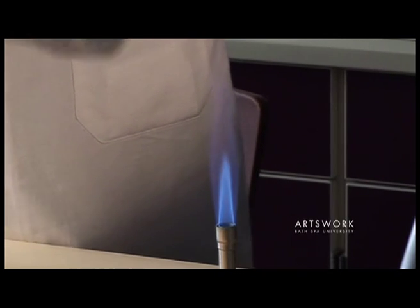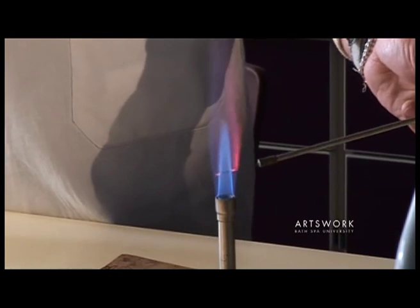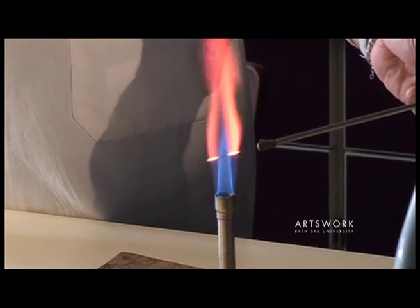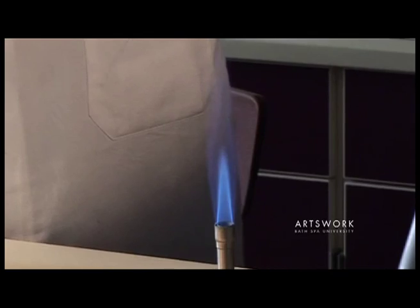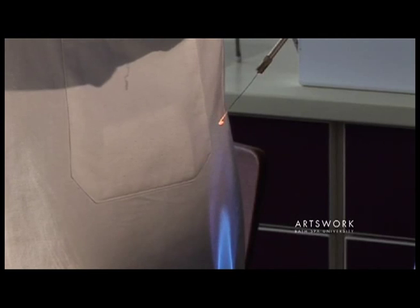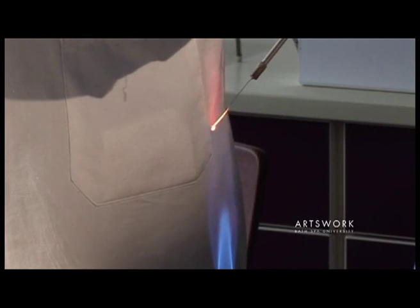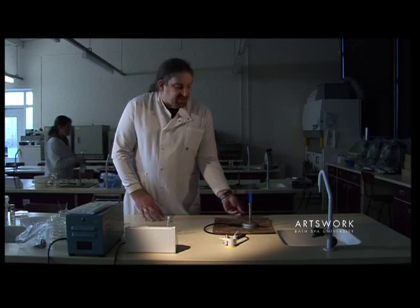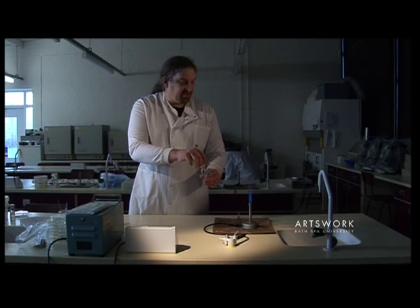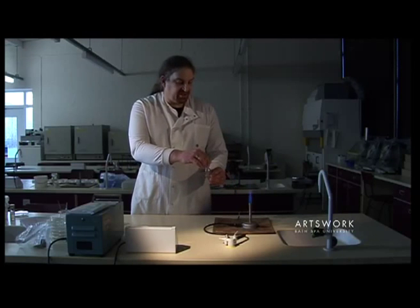If you put the loop too low in the flame, you're only sterilising parts of the loop at any one time. Alternatively, if you have it too high, the flame is cooler so it's not as effective at sterilising that loop. The same applies if you're using the flame to sterilise bottles — once you open the bottle, pass them through the hottest part of the flame to sterilise them.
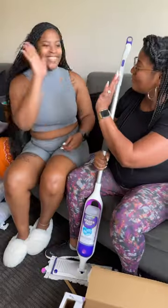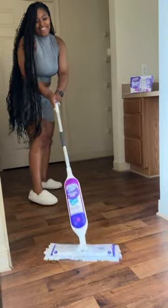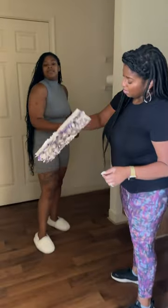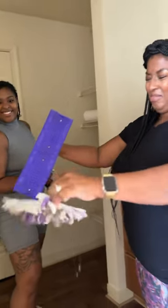The Swiffer Power Mop pads have five times the cleaning power of the wet jet pad and will leave your floors virtually streak-free. I think it's pretty safe to say that her floors are clean, clean. Look at that dirt. Ew.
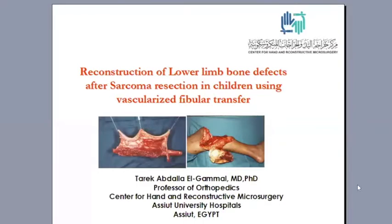Good afternoon everyone. It's a pleasure to join you on the pump talk. This time I'll talk about our experience in reconstruction of the lower limb bone defects after sarcoma resection in children using the vascularized fibula transfer.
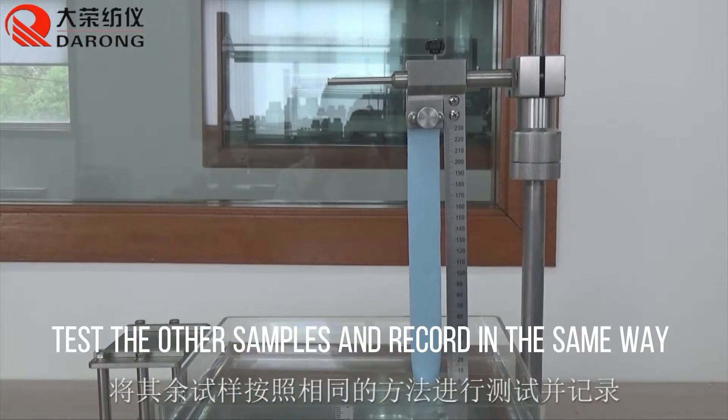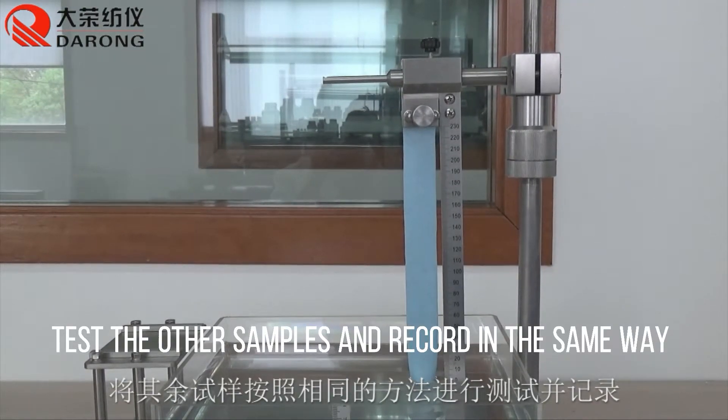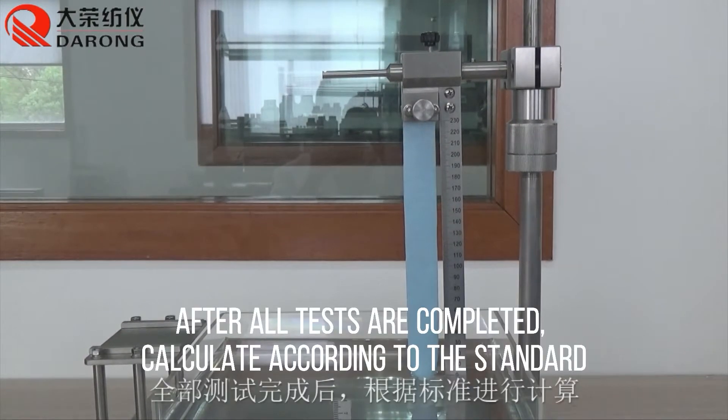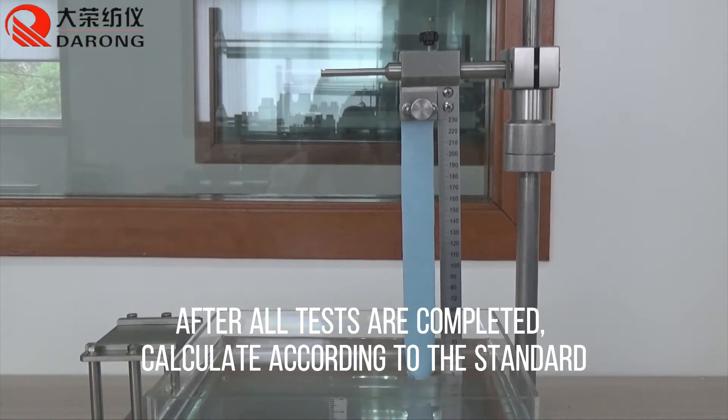Test the other samples and record in the same way. After all the tests are completed, calculate according to the standard.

EXERCISE:
Leave out the pictures. Transcribe only the lines above, from the first through the one that contains "The Swiffer Power".

PROBLEM SOLUTION:
If you put the loop too low in the flame, you're only sterilising parts of the loop at any one time. Alternatively, if you have it too high, the flame is cooler so it's not as effective at sterilising that loop. The same applies if you're using the flame to sterilise bottles — once you open the bottle, pass them through the hottest part of the flame to sterilise them.
The Swiffer Power Mop pads have five times the cleaning power of the wet jet pad and will leave your floors virtually streak-free. I think it's pretty safe to say that her floors are clean, clean. Look at that dirt. Ew.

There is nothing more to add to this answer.